If you’re unsure how to caption your videos, look up tutorials specific to the platform you’re using, such as YouTube. The tutorials should walk you through the process of adding subtitles throughout the video in the simplest way possible.
Your Role in the Process: Embracing the Challenge and Creativity of Accessibility
Good writing is all about making choices, and accessibility is one of the most important choices you can make because the choice to be accessible impacts more than just you. It’s a responsibility you have not only as a writer, but as a member of a class, a student at a school, and a good citizen.
Whenever you create a writing project, you’re sending a rhetorical message about who your audience is—instead of your audience being the ambiguous and universal “everyone,” it actually is “everyone who can access what you’ve created.”
This duty may feel a bit daunting, but do your best to embrace the challenge. One of the great things about accessibility is that it forces you to get outside of your own head, view your world differently, and consider how your design choices impact how others interact with your documents. However, this process is not without some learning curves. Access work is a recursive process, one where may you try an accessibility feature or action and it may or may not work as you expected. Some ideas for being accessible may sound good in theory, like giving your classmates and instructor a detailed handout instead of a script, but don’t provide real access or an equitable way for everyone to experience your work. In fact, a situation where you provide a handout in lieu of a script is an example of the social model of disability because your choice to not provide equal access to what you say in a presentation is more disabling than any impairment your instructor or peers may have.

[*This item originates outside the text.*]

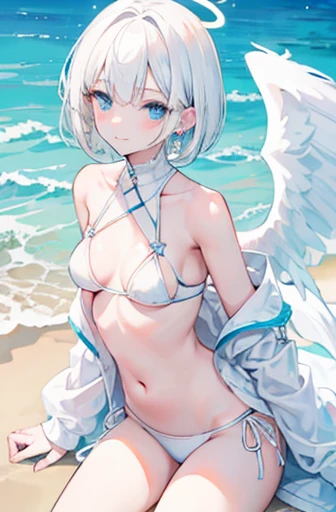 Anime, girl, teenage, short hair, white hair, plae blue eyes, cool, earrings, wearing a white bikini, cute, angel wings and halo ring, medium boobs, beach, small smile,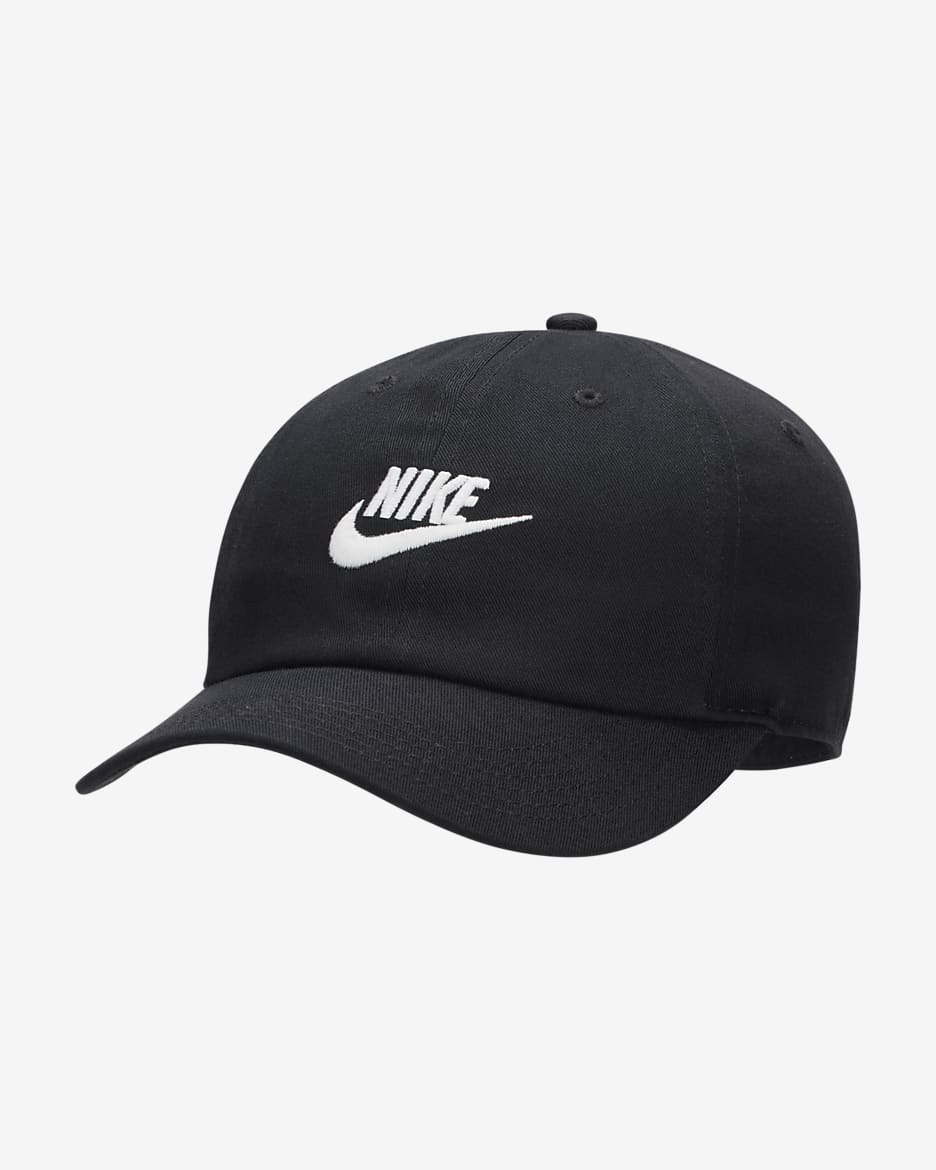 Nike Club Futura 大童软顶水洗运动帽 - 黑/白色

Often, being accessible requires you to think creatively and differently, which can be hard. You might even have to go back to the drawing board and start over. This tension is normal, and, like with writing, part of how we learn—sometimes, the path to knowledge and mastery is straightforward, but often it’s a “two steps forward, one step back” kind of journey. But I encourage you to resist shortcuts because the journey is worth it, not only in terms of your own learning, but in creating more equity and inclusion for your disabled peers and instructors. When brainstorming accessibility options, it’s helpful to avoid looking at access work like problem solving or “fixing” your projects with specific disabilities or people in mind. At best, this way of thinking is overly reductive and at worst treats disabled people like problems and puzzles that are waiting to be solved, which is pretty dehumanizing (Price 101). Instead, I’d encourage you to look at making your writing more accessible like adding more lanes on a highway. The more lanes you add, the more people can get on and drive towards their destination. The more accessibility features you learn about and integrate into your writing, the greater the chances that all readers will be able to experience and interact with your hard work and great ideas.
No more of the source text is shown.